I have a higher trust in Norman Borlaug, who won the Nobel Peace Prize speech
for his work in the "Green Revolution". Quoting is speech:

"It is true that the tide of the battle against hunger has changed for the
better during the past three years. But tides have a way of flowing and then
ebbing again. We may be at high tide now, but ebb tide could soon set in if we
become complacent and relax our efforts. For we are dealing with two opposing
forces, the scientific power of food production and the biologic power of
human reproduction. ...

"There can be no permanent progress in the battle against hunger until the
agencies that fight for increased food production and those that fight for
population control unite in a common effort. Fighting alone, they may win
temporary skirmishes, but united they can win a decisive and lasting victory
to provide food and other amenities of a progressive civilization for the
benefit of all mankind

Borlaug believed the carrying capacity was about 10 billion, says
[https://en.wikipedia.org/wiki/Norman_Borlaug](https://en.wikipedia.org/wiki/Norman_Borlaug)
.

(Oddly, this piece didn't directly mention Borlaug's Green Revolution as the
barely-in-time method by which Ehrlich's "Population Bomb" didn't go off in
the 1970s. Nor does it mention GMOs, preferring only "We selected and bred
plants and animals that were more nutritious, fertile and abundant".)

Going back to the essay:

> But they say little, specifically, about how social engineering of such
> extraordinary scale would be imposed in a democratic or equitable fashion.
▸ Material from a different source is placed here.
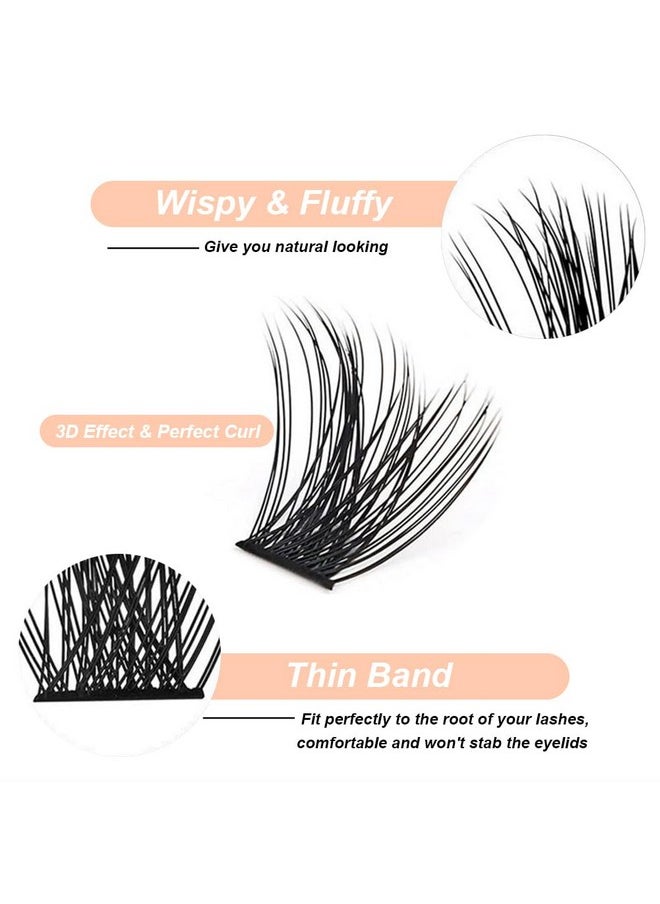 NuAngela NuAngela Cluster Lashes 144pcs Individual Eyelashes Clusters 8-16mm D Curl Mix False Eyelashes DIY Individual Lash Extension Natural Look Wispy Fluffy Eyelash Extensions  - Image 2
One common one - it must be common as I've heard of it, and I know little of
the topic - is better education for females, which is often significantly
lower than for males. Eg, [https://blogs.worldbank.org/health/female-
education-and-chil...](https://blogs.worldbank.org/health/female-education-
and-childbearing-closer-look-data)

"A study (Pradhan and Canning 2013) of education and fertility in Ethiopia
estimated that an additional year of schooling in Ethiopia would lead to a 7
percentage point reduction in the probability of teenage birth and a 6
percentage point decrease in the probability of marriage. These are large
effects, suggesting that women with eight years of schooling would have a
fertility rate 53 percentage points lower than those with no schooling at all,
and are consistent with observed data."